* [Task to complete]
Show each line from the records below in which the word "with" occurs.

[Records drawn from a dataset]
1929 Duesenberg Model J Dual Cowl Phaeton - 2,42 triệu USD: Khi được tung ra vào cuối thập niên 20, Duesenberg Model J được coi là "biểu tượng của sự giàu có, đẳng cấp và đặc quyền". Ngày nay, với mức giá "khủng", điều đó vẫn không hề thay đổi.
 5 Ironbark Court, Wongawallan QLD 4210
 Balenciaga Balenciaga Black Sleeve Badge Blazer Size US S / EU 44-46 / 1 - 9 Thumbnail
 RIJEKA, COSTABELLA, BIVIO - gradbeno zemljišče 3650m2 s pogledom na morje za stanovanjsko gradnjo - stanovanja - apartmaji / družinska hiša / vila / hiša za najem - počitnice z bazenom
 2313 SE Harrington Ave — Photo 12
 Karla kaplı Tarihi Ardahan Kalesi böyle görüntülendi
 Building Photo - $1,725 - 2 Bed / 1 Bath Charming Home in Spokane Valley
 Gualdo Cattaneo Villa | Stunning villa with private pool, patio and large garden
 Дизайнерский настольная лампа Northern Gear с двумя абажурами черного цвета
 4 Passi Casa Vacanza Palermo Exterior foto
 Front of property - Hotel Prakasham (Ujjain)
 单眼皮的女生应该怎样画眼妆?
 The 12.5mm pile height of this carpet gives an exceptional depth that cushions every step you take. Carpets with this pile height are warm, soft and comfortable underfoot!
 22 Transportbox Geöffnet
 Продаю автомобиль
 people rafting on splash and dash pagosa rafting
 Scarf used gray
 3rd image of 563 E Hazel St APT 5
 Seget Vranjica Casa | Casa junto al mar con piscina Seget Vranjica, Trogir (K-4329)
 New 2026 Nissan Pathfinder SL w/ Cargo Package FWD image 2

* [Result below]
 Gualdo Cattaneo Villa | Stunning villa with private pool, patio and large garden
 The 12.5mm pile height of this carpet gives an exceptional depth that cushions every step you take. Carpets with this pile height are warm, soft and comfortable underfoot!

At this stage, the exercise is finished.